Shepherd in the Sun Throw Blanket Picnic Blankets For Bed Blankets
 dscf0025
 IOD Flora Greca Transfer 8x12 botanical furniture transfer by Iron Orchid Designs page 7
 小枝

EXERCISE DESCRIPTION | Retype the whole listing above. Please keep it exact.

EXPECTED ANSWER |
Shepherd in the Sun Throw Blanket Picnic Blankets For Bed Blankets
 dscf0025
 IOD Flora Greca Transfer 8x12 botanical furniture transfer by Iron Orchid Designs page 7
 小枝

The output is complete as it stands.